I did not make the claim that the shield spell is broken. Others did say that specifically:
It's either a good spell on a wizard or broken on a high AC fighter/wizard/EK combo.
It is literally the discussion of the thread. After reading the thread accepted this premise that it is broken. I do not. So I asked for an example.
You can get AC 26 multiple times per day. That is broken if you know even a little bit of the math involved in 5e.
You left out the part that it is until the start of your next turn (which, according to the
math, most likely will not even be one round). So a player loses an entire level in their paladinhood, gains a hypothetical 26 AC (min/maxed to the core) for one or two attacks that don't involve spell saves, and that breaks the game? Again, show me where, in any online play, or in any case scenario, this has broken the combat for a DM to challenge their table?
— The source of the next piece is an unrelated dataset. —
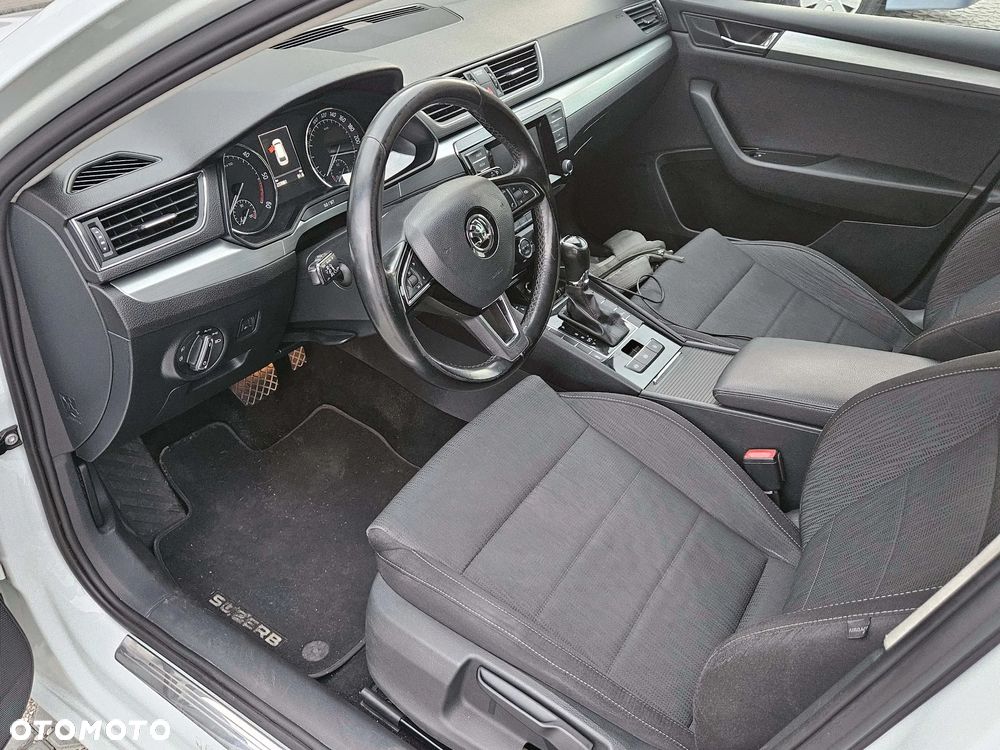 Skoda Superb 2.0 TDI Active DSG - 8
If you are going to complain that things are not fair to the other players that don't get that, then please do that in your argument rather than scapegoating it to breaking the game's combat mechanics.
Shield cheaply and dramatically reduces the core vulnerability that wizards have to compensate for their absurd levels of power and versatility, and trivializes a round of defense against weapon/natural attacks, especially when combined with any other defenses.
I get the versatility argument against the wizard. I really do. But a fourth level wizard gets to cast this spell four times per long rest, providing they cast no other first level spells. Most of the time, depending on initiative, it won't even last a full round. That's four rounds this wizard gets to boost their AC, at the detriment of limiting this versatility, their damage output, and their choices. And none of this accounts for the times when a +5 doesn't stop the attack! I have still yet to see a well-rounded fourth level wizard have enough hit points to be able to take more than two shots from a common CR5 creature. (Which they encounter all the time.) So they stop an attack or two, how does that break the game's combat mechanics?
Again, I am asking for examples, not a mere knee-jerk reaction to either A) character envy or B) speculation.